Recently we added an Nvidia Tesla P40 GPU to our Dell R740 machine which serves as a VMWare ESXi 6.5 host for several virtual machines and test lab for various purposes (e. g. this WordPress blog is running on a Ubuntu VM on this machine).
Our goal was to run Python with Keras/Tensorflow on the GPU in order to offer our students a state-of-the-art lab environment for machine learning, deep learning or data science projects. However, we experienced several challenges until it worked. If you’re in a comparable situation, you’ll maybe find something interesting in our findings.
VMWare vSphere / ESXi: Let the trouble begin
Having a running VMWare ESXi 6.5 host it seemed to be a nice idea to extend this machine with a costly GPU card because the GPU could be shared across several VMs and thus could be used by several users in separate VM environments. This idea in mind my first lesson learned is that there are basically two concepts to use a GPU in a VMWare host:
- vGPU: offers exactly the above possibilities (apparently)
- Pass-through: the GPU is passed more or less directly to just one VM that uses the GPU exclusively
The first concept (vGPU) seems to be quite a good idea, however, Nvidia charges some extra license fees for the VMWare add-ons necessary to use this. So far I haven’t further investigated the amount it would cost, maybe this will be an option in the future. In order to kickstart the GPU I thus chose the second deployment option and continued with the „pass-through“ mode. However, lots of documentation available on the net refers to the vGPU scenario and won’t help you in the pass-through mode.
Preparation of the Dell R740 VMWare host
While most of the configuration for virtualization is already configured in the default settings of your Dell machine, I stumbled across some additional settings that I had to change:
- I/OAT DMA Engine: enabled
- SR-IOV Global Enable: enabled
- Memory Mapped I/O above 4GB: enabled
- Memory Mapped I/O base: 12TB
I’m not sure about the importance of each of these settings, but it is what I finally got when it worked (see links at the bottom for further references). Afterwards, a reboot is presumably necessary in order to activate the new settings.

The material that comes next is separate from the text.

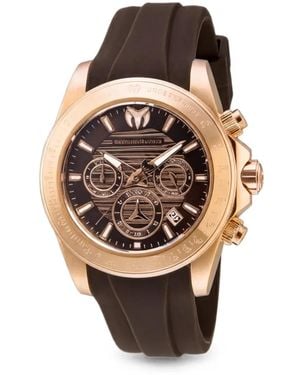 TechnoMarine Manta 42Mm Watch - Brown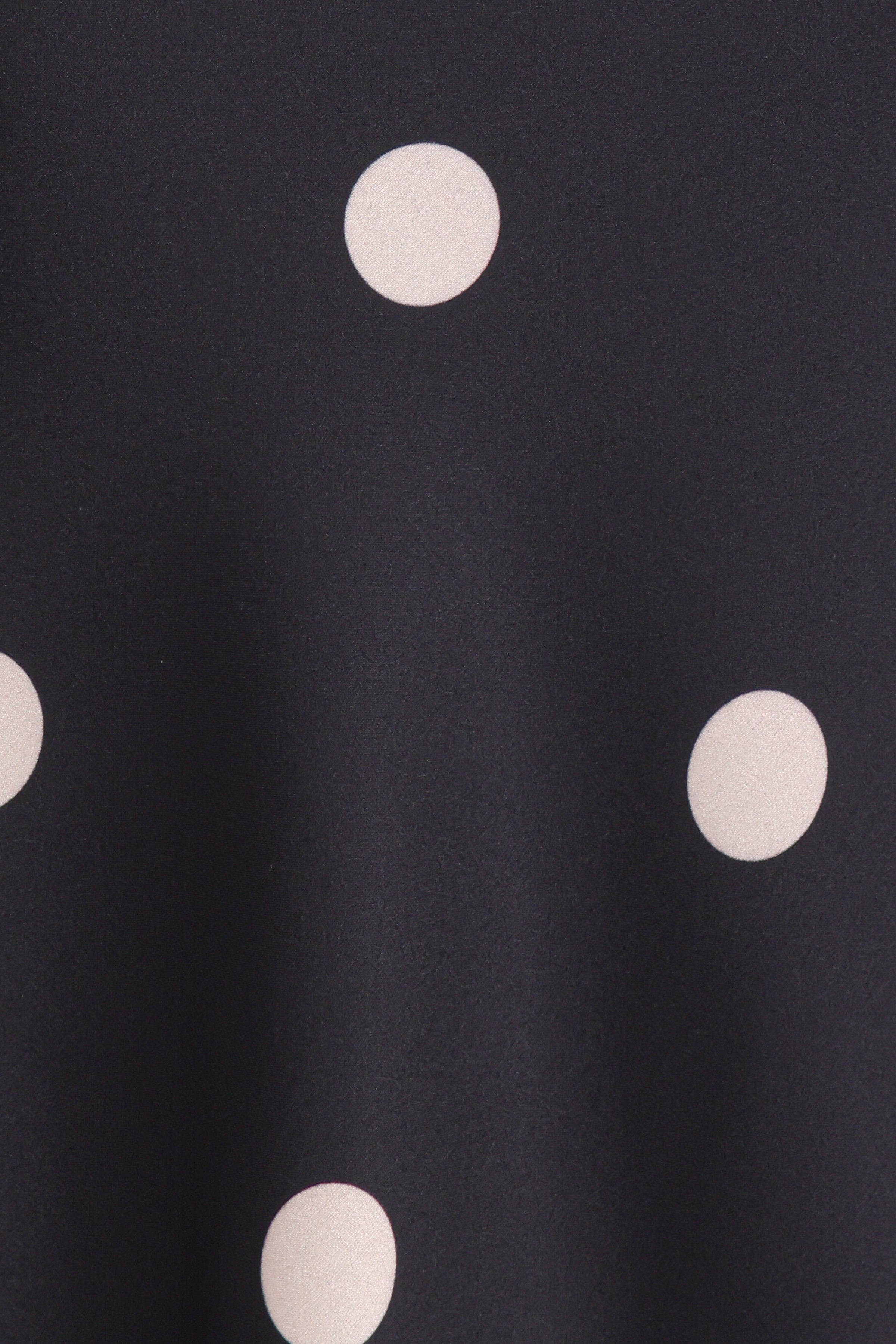 DRESSES Jutta Strapless Maxi Dress - Black Polka Dot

Preparing ESXi 6.5 for GPU pass-through
Next step is to prepare ESXi for GPU pass-through. Navigate in the vSphere Web Client to the host config area, choose the „Hardware“ and „PCI devices“. You can use the filter element to find the Nvidia GPU, e. g. by typing „nvi“ in there (see screenshot).

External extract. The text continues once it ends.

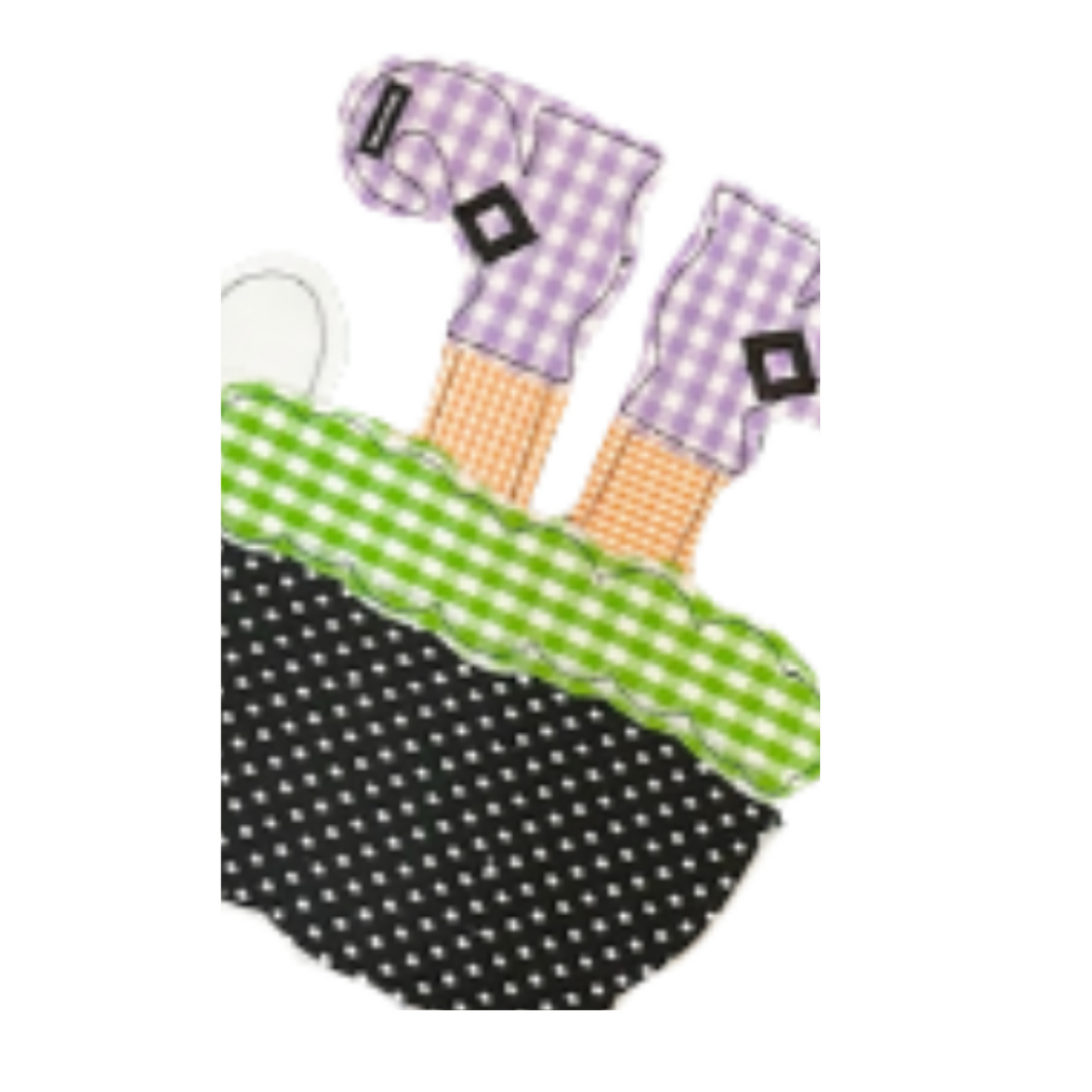Halloween Bag & Bucket Tag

Make sure that „pass-through“ (column at the right) is „active“, otherwise select the entry and use the toggle-switch above the list in order to activate the pass-through mode for the GPU. Afterwards, a reboot is required.
A typical error message you may receive when one of the settings isn’t correct is
Failed to power on virtual machine […]. Module ‚DevicePowerOn‘ power on failed. Click here for more details.
Install Guest-OS: (U)EFI required
As mentioned in the VMWare blog post (reference see in the „Links“ section at the bottom) the Guest-OS must be installed in EFI/UEFI mode and not in BIOS mode. Since BIOS mode is the default setting (and marked as „recommended“) during the setup process of a new VM, you most probably will have to configure and install a new VM. Changing an existing VM from BIOS to EFI/UEFI unfortunately won’t work. During setup of a new VM you find the EFI option in the „VM Options“ tab and there in „Boot Options“:
Having changed to „EFI“, scroll down to the „Advanced“ block and append two more options via the „Edit Configurations“ button:
Following the Nvidia blog post you need there:
- pciPassthru.use64bitMMIO = ”TRUE”
- pciPassthru.64bitMMIOSizeGB = 64
Configure and setup the virtual hardware as desired and (finally) don’t forget to add the GPU as additional PCI device:
Choosing the Guest-OS: Windows made my day
While my first idea was to use Ubuntu for the Python, Tensorflow, Keras development, I experienced severe problems during install and setup of a working environment, both with Ubuntu 16 and Ubuntu 18. I tried different install options (package manager, shell run, GUI setup) and several Nvidia driver versions. However, I always ended up with a
NVIDIA-SMI has failed because it couldn’t communicate with the NVIDIA driver
Since I hadn’t had the whole host, GPU, ESXi and VM setup running successfully so far, I decided to switch over to a Windows 10 guest OS in order to have a kind of „proof-of-concept“ that host and ESXi configuration is principally working. The further setup process on Windows went smoothly and the Tesla P40 showed up in the device manager section as unknown device. I followed the Nvidia driver download selection and ended up with
425.25-tesla-desktop-win10-64bit-international.exe
Afterwards, the „nvidia-smi“ tool showed what I already hoped to achieve with Ubuntu, but continuously failed:
Windows made my day… 🙂
Kickstarting Tensorflow and Keras with CUDA
Having a well configured and installed Tesla P40 GPU at hand, now the Python environment had to be setup. In order to have the GPU support enabled you moreover need the CUDA library. I followed the guideline found at towardsdatascience.com with some changes due to newer versions of some of the software components and the official Nvidia CUDA installation guide (both links at the bottom). However, be careful and do not simply install the most current releases. Especially check at first, which CUDA Version is currently supported by the Tensorflow-GPU package. At the time of this blog post, Tensorflow (>=1.13) supports CUDA 10.0, though CUDA 10.1 was already released. Additionally download the matching cuDNN file.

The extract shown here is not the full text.